2008年8月6日水曜日

氷川へきる作品集 TG天使ジャイ子ちゃんDX

 これ、7月25日発売だったのか。今日になるまでまったく気付いておらず、危ないところでした、買い逃すところでした。『TG天使ジャイ子ちゃんDX』は、『ぱにぽに』で知られる氷川へきるの作品集であります。『テックジャイアン』誌に掲載されたもろもろを収録する一冊は、そのタイトルにDXとあるように確かにデラックスで、カラーページは充実、その上、黒・銀の二色ページなんていうのもあって、すごい。でも、人には勧められないよね、勧めちゃいけないよね。そんな気もする一冊で、だってあまりにも内容が酷い……。それこそ、本当にこれ、雑誌に載ってたの!? って思うようなネタも散見される、そういう漫画なのですね。人によっては、呪詛の言葉も漏れかねない。だから私はこれは誰にもお勧めしません。

けど、本当に酷い。グダグダというんでしょうか、そこはかとなく漂う台無し感は他の追随を許さないレベルにまで極まっていて、きっとこれ見て、怒る人とかいるんだろうなあ。買って損したとか、金返せとか、そう思う人がいてもおかしくない、そんなレベルです。けどこれをどうしようもなく面白いと感じる人もいるんだから困ります。実際、私には強烈に効く漫画なんです。笑いを抑えられないネタがある。それも頻繁にある。特に酷いネタであるほどに面白く感じてしまうのはどうしたものか。酷いネタが畳みかけてくる面白さというのは、もう抗えないほどに魅力的で、それは自分でも疑問に思うほど。こうした感性は、長く『ぱにぽに』に触れてきて、氷川へきるのテイストに慣れきってしまったからなのでしょうか、飼いならされてしまったとでもいうのでしょうか。けれど、面白いものは仕方ありません。きっと一般には理解されないだろうけれど、私にはこれが面白いのです。

しかしそれにしても、どこがどうなってるから面白いと、具体的に説明しにくいのが困ります。いつもの調子で、読んだらわかる、だから読んでみろっていいたいところですが、きっと読んでもわからない人が大半だろうから、口が裂けてもいえません。でも、『ぱにぽに』のジゲヨさんのシリーズが好きな人ならきっとわかってくれるはず。マッケンロー!! ワーオ!! ナイスガッツに続くマッケンロール!! アリソー!! ナイスフォロー!!の破壊力。こういうネタが許せないという人は、きっとこの本は買ってはいけない。そんな気がします。

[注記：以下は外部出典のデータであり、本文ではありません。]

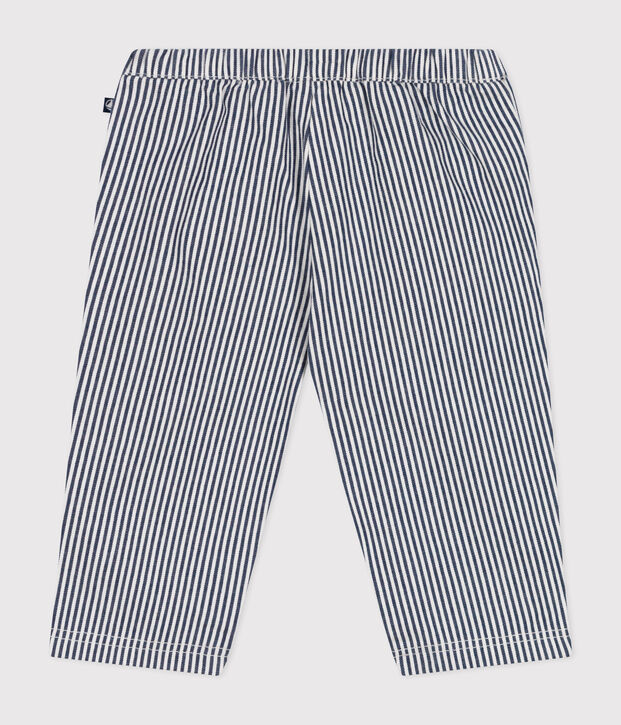 Pantal&oacute;n de tela para beb&eacute; azul/blanco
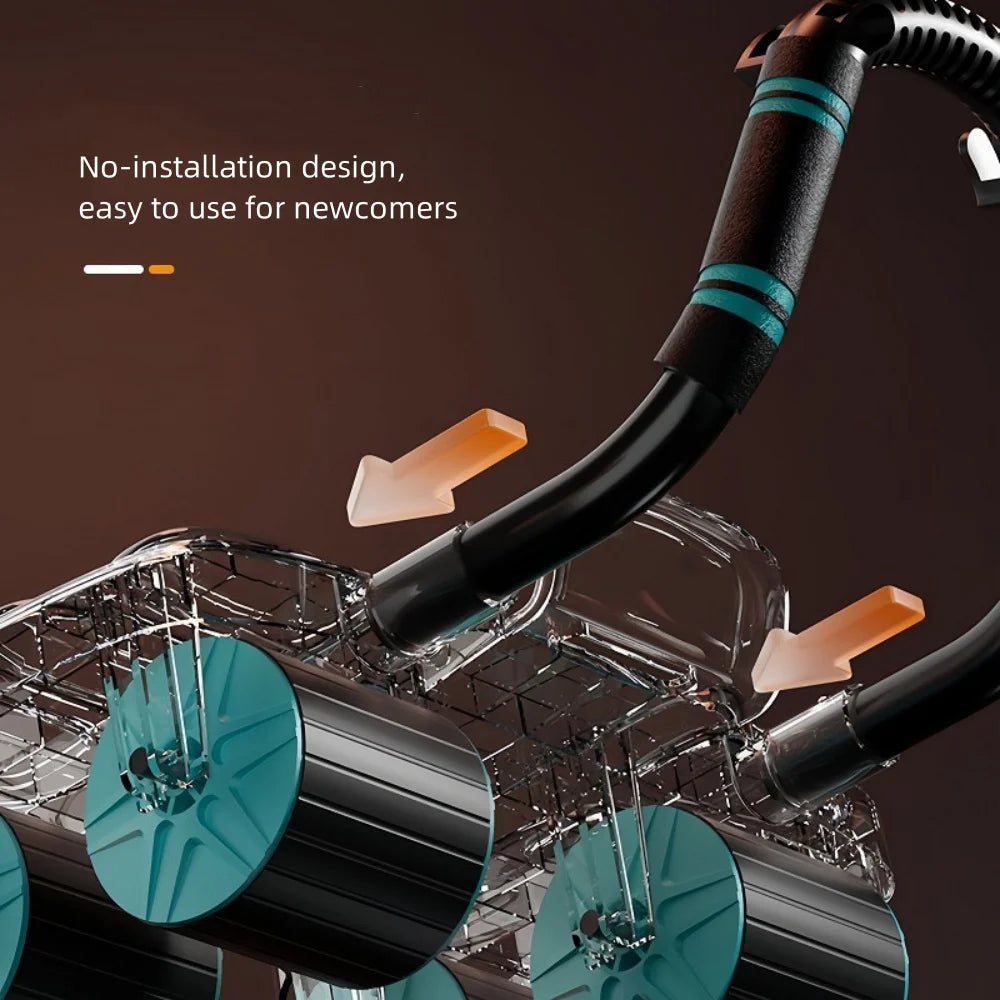 YUNEXA Six-Wheel Abdominal Roller with automatic rebound and anti-slip design for effective core strength training.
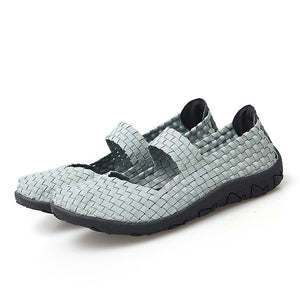 Women's woven elastic Mary Jane sneakers flats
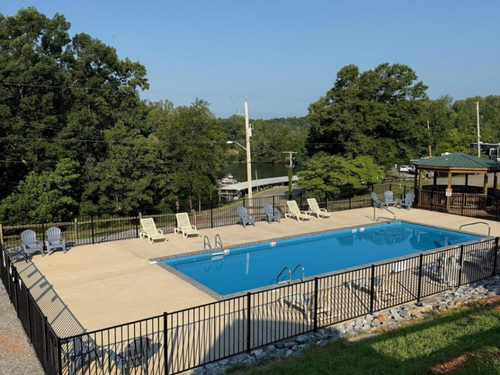 Pool area at Halesford Harbour Resort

そういえば、上記のジゲヨさんのシリーズに出てくるジョンとベン、『テックジャイアン』が初出だったんですね。こんな具合に『ぱにぽに』や『まろまゆ』と微妙に関係していたりして、というかタイトルに出ているジャイ子、二階堂光は桃月学園1年A組というところからして『ぱにぽに』に関連しているのですが、本当、この自由闊達さは素晴らしい。というか、自由さに関してはこの漫画のいたるところから感じられて、もうすごい。というか、これを載せる『テックジャイアン』っていうのもすごい雑誌だなと思うのですが、願わくばこの勢いのまま、いけるところまで突っ走っていって欲しい。心の底から思います。

ところで、やばいネタ微妙に散見されるこの本ですが、76ページのイラスト、ええと噴火する富士山の絵だと思うのですが、最初全然違うものと見誤ってしまった私自身、かなりやばい方向に振れてしまっていると思います。でもいいや、やばくて。というわけで、私は「TG家族」、「エンドセクター」の微妙に危険なさくらとお母さんが大好きです。あと、ネズミのネタ、どうも作者はこういうのお好きなようですが、私もかなり好きです。あ、そうそう。マッチョドラゴン、私も検索してみましたよ。正直、ああいうネタの振り方は反則だと思いますが、でもすごかった……。

引用

  • 氷川へきる『ぱにぽに』(東京:スクウェア・エニックス,2005年),86頁。